Back on the road, Boston slips for the first time under Morgan with seven losses in nine games, including four straight in Detroit to start the trip, but the Red Sox exact revenge a week later, opening a three-game home series with a 9-4 win over the Tigers. The next day, 13 August, Boston thumps its American League East rival by a score of 16-4, and the result gives the Red Sox an unprecedented 24-game winning streak. Though Boston’s stretch of luck ends the next day with an 18-6 loss in the series finale, the Red Sox go on to take the American League East title for the second time in three years.
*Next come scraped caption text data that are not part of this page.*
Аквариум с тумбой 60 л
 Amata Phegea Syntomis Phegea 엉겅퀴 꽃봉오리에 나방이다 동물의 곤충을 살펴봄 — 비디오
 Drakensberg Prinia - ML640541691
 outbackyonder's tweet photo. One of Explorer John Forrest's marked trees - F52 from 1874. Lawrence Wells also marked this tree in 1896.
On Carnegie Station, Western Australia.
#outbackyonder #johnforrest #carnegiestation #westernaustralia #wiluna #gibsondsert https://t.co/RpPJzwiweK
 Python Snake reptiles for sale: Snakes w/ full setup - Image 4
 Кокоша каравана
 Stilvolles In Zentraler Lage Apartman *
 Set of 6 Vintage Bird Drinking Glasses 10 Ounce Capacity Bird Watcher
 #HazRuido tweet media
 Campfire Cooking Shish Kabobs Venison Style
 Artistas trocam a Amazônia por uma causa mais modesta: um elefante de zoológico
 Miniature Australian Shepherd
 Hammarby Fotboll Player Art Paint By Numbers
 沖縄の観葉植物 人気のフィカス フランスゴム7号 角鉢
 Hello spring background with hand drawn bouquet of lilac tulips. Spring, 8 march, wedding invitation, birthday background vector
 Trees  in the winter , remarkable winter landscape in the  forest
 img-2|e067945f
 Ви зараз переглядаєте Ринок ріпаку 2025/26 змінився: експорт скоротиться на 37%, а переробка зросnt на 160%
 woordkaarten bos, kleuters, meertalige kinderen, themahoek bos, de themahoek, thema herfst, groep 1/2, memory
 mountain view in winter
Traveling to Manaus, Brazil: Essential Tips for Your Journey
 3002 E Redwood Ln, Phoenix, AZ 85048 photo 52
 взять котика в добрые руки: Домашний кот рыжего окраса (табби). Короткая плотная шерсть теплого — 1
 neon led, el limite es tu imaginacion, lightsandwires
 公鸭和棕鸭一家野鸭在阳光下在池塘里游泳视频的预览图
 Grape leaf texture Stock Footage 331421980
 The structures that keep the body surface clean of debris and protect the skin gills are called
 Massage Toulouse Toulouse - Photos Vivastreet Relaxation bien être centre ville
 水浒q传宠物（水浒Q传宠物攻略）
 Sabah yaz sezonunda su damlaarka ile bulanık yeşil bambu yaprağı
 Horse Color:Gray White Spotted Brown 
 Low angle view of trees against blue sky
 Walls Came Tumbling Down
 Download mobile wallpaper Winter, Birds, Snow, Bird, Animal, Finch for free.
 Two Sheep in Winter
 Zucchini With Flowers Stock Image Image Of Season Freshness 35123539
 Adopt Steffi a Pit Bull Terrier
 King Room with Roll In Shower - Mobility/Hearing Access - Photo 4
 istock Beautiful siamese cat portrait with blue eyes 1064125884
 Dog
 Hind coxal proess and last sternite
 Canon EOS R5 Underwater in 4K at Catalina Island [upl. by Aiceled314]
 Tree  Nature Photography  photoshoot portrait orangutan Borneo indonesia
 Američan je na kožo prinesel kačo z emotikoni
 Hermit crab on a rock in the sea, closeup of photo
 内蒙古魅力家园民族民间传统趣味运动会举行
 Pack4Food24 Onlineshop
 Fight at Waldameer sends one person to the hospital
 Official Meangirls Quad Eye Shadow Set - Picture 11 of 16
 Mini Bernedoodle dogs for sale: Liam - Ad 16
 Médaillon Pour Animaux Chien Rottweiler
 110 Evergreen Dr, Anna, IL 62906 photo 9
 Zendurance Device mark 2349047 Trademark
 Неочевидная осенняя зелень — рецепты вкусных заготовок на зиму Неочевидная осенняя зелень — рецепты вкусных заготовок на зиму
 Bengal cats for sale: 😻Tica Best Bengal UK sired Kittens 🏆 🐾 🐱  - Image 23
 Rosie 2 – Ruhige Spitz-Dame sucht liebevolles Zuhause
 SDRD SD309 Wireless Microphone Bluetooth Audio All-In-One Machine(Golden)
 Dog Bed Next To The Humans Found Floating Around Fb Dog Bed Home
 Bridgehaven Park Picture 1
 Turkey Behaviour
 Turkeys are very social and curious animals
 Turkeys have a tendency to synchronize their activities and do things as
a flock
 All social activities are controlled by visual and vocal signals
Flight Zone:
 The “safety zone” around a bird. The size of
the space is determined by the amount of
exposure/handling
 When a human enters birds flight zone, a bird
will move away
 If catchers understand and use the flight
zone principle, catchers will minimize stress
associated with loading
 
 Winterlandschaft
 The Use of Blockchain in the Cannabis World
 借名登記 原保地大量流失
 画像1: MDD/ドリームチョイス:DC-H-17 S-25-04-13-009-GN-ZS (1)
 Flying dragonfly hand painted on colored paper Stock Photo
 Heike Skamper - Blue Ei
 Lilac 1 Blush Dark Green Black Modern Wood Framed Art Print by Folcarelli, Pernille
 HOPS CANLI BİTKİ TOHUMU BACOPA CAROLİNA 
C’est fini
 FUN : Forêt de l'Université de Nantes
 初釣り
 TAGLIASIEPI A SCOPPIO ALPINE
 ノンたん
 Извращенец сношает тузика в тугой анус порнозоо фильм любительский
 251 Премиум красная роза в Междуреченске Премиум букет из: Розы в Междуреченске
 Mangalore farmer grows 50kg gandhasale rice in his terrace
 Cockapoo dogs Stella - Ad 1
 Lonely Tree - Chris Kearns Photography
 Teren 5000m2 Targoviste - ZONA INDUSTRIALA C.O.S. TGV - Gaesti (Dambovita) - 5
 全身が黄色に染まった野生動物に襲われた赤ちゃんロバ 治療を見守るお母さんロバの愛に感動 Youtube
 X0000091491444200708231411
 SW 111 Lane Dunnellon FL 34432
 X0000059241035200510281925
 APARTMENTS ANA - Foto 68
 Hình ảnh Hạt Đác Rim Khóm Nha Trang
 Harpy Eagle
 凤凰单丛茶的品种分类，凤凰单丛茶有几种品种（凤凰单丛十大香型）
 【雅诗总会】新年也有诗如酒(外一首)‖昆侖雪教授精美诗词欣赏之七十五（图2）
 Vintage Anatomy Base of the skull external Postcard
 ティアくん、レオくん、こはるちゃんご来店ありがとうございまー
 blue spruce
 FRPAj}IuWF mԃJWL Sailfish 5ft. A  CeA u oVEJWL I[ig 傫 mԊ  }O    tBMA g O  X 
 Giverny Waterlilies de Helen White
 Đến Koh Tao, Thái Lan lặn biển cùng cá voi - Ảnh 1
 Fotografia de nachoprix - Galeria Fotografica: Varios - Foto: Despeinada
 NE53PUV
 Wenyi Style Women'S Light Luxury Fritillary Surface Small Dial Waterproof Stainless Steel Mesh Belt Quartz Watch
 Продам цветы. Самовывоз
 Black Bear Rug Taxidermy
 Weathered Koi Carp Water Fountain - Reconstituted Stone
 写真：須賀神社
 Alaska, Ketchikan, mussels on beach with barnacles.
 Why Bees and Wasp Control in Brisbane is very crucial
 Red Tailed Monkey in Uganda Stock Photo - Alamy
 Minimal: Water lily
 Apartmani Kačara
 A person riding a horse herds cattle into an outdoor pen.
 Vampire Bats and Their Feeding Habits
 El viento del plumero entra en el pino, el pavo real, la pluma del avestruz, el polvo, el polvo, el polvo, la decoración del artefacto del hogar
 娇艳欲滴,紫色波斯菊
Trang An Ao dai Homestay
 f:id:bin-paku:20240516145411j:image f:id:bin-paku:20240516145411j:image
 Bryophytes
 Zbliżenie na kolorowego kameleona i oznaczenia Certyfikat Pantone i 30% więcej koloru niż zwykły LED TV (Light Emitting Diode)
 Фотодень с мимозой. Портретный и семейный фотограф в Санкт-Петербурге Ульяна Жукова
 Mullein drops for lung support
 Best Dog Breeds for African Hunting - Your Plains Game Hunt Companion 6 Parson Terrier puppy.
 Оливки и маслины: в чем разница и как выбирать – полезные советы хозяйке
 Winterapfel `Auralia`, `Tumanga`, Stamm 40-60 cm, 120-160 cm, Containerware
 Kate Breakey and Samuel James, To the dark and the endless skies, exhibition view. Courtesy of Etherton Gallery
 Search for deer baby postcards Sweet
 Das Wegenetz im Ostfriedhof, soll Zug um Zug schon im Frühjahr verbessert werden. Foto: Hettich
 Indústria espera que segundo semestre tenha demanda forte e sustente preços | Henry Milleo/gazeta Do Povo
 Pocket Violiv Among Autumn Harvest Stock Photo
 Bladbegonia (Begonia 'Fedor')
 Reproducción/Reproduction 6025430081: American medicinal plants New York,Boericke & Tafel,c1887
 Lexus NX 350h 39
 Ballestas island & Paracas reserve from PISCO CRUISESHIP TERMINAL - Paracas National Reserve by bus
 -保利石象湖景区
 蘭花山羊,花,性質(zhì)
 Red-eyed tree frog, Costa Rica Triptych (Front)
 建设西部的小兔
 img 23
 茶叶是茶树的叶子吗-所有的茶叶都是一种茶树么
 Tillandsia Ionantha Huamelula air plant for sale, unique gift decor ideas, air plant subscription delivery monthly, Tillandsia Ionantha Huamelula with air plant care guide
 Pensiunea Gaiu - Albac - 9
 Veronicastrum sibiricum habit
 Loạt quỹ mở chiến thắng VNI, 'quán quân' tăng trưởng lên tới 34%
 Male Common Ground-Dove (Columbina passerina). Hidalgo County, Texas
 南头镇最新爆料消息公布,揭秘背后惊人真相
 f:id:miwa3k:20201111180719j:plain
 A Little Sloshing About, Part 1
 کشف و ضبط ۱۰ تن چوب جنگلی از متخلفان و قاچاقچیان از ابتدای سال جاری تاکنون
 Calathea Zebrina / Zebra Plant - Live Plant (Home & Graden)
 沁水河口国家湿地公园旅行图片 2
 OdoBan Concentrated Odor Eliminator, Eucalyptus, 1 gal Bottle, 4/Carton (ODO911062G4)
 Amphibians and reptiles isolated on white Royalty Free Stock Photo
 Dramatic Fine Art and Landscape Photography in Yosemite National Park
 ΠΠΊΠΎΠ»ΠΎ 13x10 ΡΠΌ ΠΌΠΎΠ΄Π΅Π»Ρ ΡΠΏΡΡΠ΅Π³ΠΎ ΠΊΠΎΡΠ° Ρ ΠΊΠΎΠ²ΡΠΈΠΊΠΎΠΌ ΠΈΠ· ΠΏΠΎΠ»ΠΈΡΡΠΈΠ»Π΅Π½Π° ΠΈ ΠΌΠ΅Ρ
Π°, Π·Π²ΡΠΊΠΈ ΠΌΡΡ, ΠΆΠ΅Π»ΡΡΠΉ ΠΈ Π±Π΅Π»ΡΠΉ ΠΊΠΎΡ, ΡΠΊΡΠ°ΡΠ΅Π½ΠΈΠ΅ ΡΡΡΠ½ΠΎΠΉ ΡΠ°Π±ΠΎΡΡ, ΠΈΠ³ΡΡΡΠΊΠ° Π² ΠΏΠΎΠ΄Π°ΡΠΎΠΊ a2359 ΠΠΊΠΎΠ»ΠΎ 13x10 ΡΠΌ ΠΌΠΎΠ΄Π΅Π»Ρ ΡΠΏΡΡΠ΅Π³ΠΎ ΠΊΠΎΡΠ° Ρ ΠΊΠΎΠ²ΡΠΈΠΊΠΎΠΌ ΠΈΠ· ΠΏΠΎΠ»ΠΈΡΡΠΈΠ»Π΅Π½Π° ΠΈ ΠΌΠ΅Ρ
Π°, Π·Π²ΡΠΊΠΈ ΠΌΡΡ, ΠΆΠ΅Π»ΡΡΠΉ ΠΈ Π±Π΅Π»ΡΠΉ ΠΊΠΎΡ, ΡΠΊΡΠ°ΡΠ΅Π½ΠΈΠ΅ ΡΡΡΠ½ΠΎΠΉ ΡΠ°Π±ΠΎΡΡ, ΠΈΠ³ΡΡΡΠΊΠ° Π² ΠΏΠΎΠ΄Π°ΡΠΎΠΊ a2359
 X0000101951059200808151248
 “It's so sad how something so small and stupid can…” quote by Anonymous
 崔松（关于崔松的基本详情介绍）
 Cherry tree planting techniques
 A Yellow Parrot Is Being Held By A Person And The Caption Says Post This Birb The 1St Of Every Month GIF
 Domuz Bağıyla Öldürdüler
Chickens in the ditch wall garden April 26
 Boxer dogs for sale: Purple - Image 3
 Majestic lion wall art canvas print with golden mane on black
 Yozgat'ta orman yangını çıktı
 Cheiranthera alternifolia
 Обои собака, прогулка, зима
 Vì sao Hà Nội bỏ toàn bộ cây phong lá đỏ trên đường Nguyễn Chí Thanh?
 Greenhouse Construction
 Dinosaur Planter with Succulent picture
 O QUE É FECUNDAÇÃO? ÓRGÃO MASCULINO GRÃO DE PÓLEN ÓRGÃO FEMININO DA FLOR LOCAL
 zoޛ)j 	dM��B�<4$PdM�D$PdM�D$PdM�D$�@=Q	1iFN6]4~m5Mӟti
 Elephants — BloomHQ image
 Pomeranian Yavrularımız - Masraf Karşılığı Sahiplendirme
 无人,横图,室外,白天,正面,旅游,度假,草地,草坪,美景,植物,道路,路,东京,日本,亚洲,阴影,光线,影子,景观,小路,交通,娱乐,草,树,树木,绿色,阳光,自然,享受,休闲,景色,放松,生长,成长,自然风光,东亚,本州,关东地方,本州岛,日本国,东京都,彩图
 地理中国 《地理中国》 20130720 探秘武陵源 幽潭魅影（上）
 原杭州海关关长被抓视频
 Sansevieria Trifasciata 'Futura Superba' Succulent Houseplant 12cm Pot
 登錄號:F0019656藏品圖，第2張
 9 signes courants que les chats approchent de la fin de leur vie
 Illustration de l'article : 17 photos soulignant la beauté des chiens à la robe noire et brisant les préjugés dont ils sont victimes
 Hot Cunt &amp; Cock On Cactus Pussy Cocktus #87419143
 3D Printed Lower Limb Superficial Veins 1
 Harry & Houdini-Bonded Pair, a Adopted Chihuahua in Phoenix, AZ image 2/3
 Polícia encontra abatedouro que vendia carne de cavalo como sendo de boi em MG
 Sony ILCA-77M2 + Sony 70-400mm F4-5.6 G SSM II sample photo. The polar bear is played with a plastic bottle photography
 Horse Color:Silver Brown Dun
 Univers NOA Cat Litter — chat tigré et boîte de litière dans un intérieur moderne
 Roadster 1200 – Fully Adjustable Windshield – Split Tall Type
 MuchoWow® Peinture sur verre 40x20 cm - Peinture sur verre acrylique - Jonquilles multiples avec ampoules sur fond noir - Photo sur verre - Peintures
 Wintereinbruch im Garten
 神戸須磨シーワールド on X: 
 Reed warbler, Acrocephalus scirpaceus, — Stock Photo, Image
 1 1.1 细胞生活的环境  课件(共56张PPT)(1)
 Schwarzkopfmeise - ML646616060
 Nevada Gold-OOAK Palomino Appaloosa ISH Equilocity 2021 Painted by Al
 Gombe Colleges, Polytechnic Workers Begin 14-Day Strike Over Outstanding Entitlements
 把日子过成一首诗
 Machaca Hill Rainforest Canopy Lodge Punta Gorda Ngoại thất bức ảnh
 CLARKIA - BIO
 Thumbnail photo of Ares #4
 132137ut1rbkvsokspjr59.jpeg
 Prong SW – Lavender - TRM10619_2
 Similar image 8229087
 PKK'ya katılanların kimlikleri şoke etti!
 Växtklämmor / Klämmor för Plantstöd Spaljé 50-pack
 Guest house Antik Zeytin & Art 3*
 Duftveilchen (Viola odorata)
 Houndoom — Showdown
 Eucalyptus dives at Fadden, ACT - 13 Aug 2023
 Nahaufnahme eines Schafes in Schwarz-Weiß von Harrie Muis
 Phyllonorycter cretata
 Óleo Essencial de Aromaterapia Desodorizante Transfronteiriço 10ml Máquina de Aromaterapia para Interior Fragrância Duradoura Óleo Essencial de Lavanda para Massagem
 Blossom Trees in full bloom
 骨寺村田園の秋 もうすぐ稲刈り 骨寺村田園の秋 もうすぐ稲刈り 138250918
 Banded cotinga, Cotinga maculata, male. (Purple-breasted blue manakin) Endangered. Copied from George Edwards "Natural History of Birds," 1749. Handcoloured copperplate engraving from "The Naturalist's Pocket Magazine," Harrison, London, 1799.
Today In History – First-Pitch Home Run for Rookie LeFebvre
10 June 1938 – On this day seventy years ago, Boston Red Sox rookie pitcher Bill LeFebvre makes his major league debut a memorable one as he hits a home run on the first pitch he sees over the left-field wall at Fenway Park, the only one of his career. LeFebvre, who had just recently graduated from Holy Cross College, is less effective on the mound, however; he goes four innings in relief and gives up six runs on eight hits, including two gopher balls, as Boston is bested by the Chicago White Sox, 15-2. LeFebvre returned to the minors shortly after that and would not be called up again until the following summer. On the mound, he would eventually finish his career with a 5-5 record and a 5.03 ERA over four seasons, two with Boston in 1938 and 1939 and two with the Washington Senators in 1943 and 1944, appearing as a major league replacement player during World War II. His bat proved only slightly more effective, hitting .276 in 87 career at-bats with eight runs scored, 11 RBI, and a .382 OBP.
In Red Sox history, only two other players have hit home runs in their first professional at-bat. On 22 April 1946, Eddie Pellagrini, a 28-year-old rookie shortstop and Boston College alumnus, comes in during the fifth inning to replace an injured Johnny Pesky and then goes deep in the seventh inning to break a 4-4 deadlock as the Red Sox win 5-4 over the Senators. On 19 May 1962 versus the Los Angeles Angels, catcher Bob Tillman also sends one out of Fenway Park in the fourth inning but Boston loses 6-5 in ten innings. Officially, the freshman had appeared as a pinch-hitter four days earlier in Baltimore in the ninth inning and then led off the bottom of the second that day but, in both instances, Tillman had drawn a walk, meaning that he had no official at-bats to that point.